メンタルヘルス対策のポイント
自己診断と相談相手の確保が重要
今まで何もしてこなかったかもしれないあなた。しかし、決して遅くはありません。今からでもセルフケアに取り組むことができます。これからは「自分の体やこころ」は自分で面倒をみよう。そういう意識を持つことはとても重要です。具体的には2つのことから始めてみましょう。

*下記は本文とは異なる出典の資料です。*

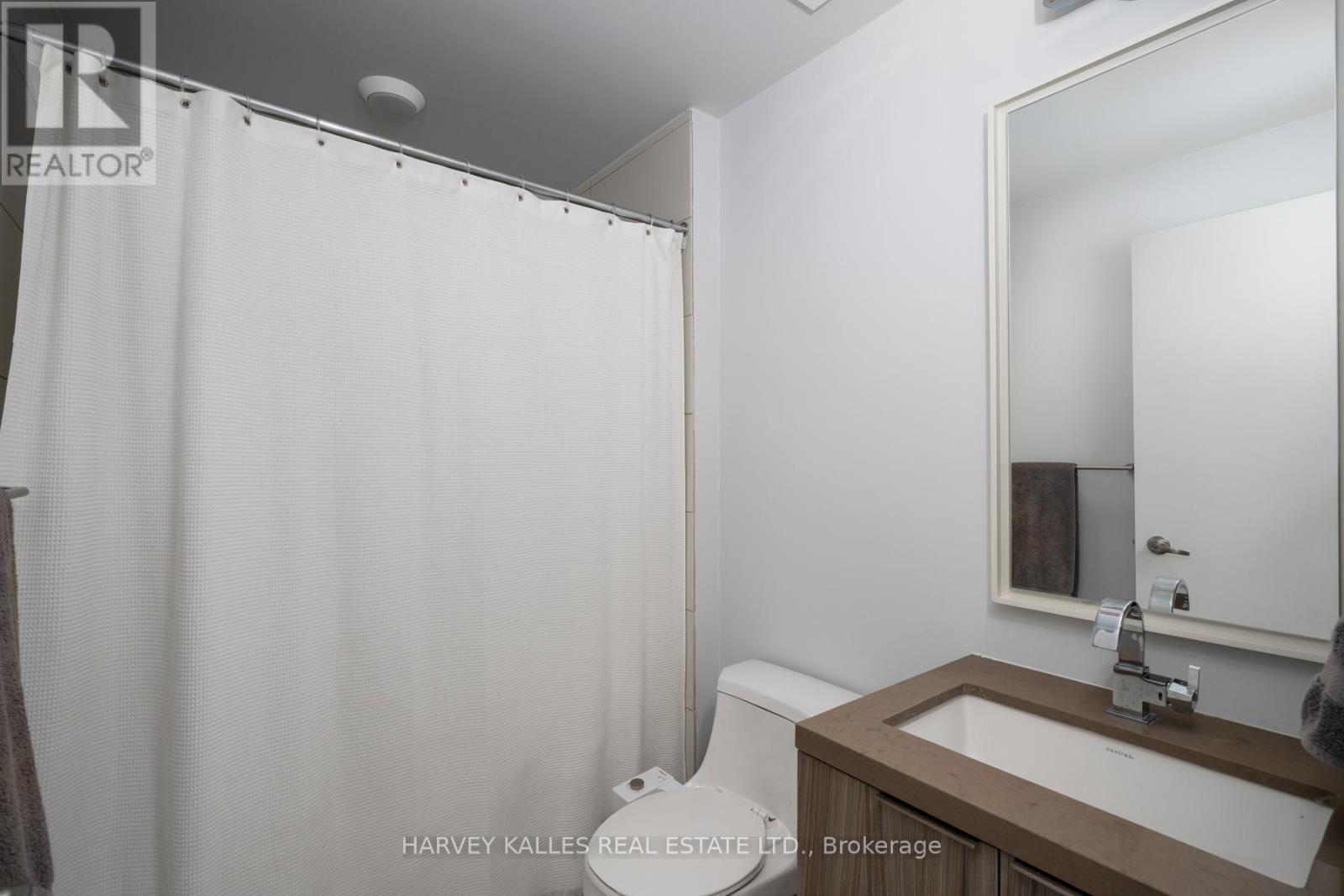 #45 140 BROADVIEW AVENUE - 18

- 「自己診断」してみましょう。睡眠時間は十分取れているか。なかなか寝付けない夜が続いていないか。未明に突然目が覚めないか。食べ物を美味しいと感じているか。栄養のバランスを考えているか。仕事をしていて楽しいと感じるか。家庭にいるとリラックスできるか。出勤時に「今日もがんばるぞ」という気持ちになっているか。会社に行こうとすると腹痛が起きないか。学校のクラスメートの顔が浮かぶと登校したくなくなるといったことはないか。学校は楽しいか。そうした日常のリアルなことを自己検証してみましょう。正直なところ、本人以外に正確に把握することはできないのです。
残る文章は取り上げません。